A further factor influencing the importance of UK merger control is the CMA’s willingness to intervene in mergers whose centre of gravity is outside the UK, with its recent prohibition of the Sabre/Fairlogix merger illustrating this point well. The CMA’s decision has been appealed to the Competition Appeal Tribunal, and it was particularly noteworthy that the CMA’s decision was reached two days after a US court dismissed a lawsuit from the US Department of Justice seeking to block the merger.
So what should the merging parties expect from an e-discovery perspective from the CMA’s investigation process?
The CMA’s draft revised Merger Assessment Guidelines, which were published for consultation on 17 November 2020, clearly indicate that the CMA may attach considerable weight to internal documents to assess all aspects of the competitive effects of mergers. This is in line with the CMA’s recent practice and has a range of implications.
First, in some cases, it will be important for the parties and their advisors to consider document reviews early on in the appraisal of mergers that might be problematic. Such evidence might make a real difference to outcomes.
Second, it may well be important to contextualise documents, not just identify them. For example, who is producing, receiving and acting on the documents in question – do they reflect decision making, or merely aspirations, and how well informed are they? Why are certain competitors monitored and not others? Does this reflect ancient history or which rivals are most visible or provide an easy way of proxying market wide conditions? Do recent documents suggest any changes in competitive conditions compared with documents from 3-5 years ago?
In this regard, visualising documents and document distribution patterns within a company and how these may change over time may be very useful for understanding the messages that should be drawn from internal documents.
Third, it can be important to consider the actual behaviour of parties alongside documentary evidence. For example, documents suggesting that a firm monitors certain rivals might not mean that this influences the firm’s behaviour, such as seeking to match their prices.
Fourth, given the wide range of documents that may need to be reviewed, it is also important to consider how this is best done. In our experience, the CMA generally prefers a more targeted disclosure, in contrast with the European Commission's preference to see all non-privileged results of wide-ranging searches, particularly in Phase 2 mergers. The former approach requires a more laborious review process.
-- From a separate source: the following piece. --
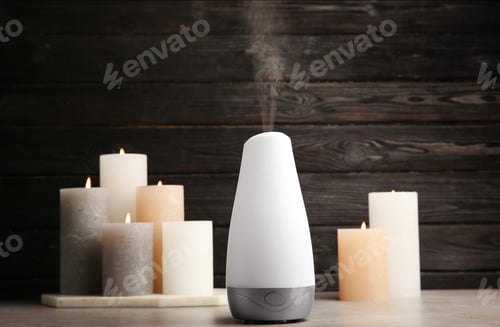 Preview: Modern aroma humidifier with candles on table against dark wooden background, space for text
Given the potential volume of information that can be generated in such matters, we would therefore expect to see certain useful approaches continue to gain traction:
a. Some merging parties will choose to work with a single provider who will help them with the review process, thereby benefiting from economies of scale and ensuring that consistent approaches are adopted. With separate counsel and the appropriate use of information barriers, this approach is often sensible and effective;
b. The parties may negotiate more routinely with the CMA to reduce their review burden, such as by seeking approval to implement machine learning strategies to accelerate the review process, and potentially improve its quality as well. On a number of cases the CMA has proved to be sophisticated on the topic of analytics, and it seems reasonable that well-reasoned proposals to modernise this process will be accepted. We would also expect the European Commission’s approach to evolve over time.
UK merger control will evolve post-Brexit and we expect e-discovery will evolve with it. Merging parties and their advisors need to plan for this.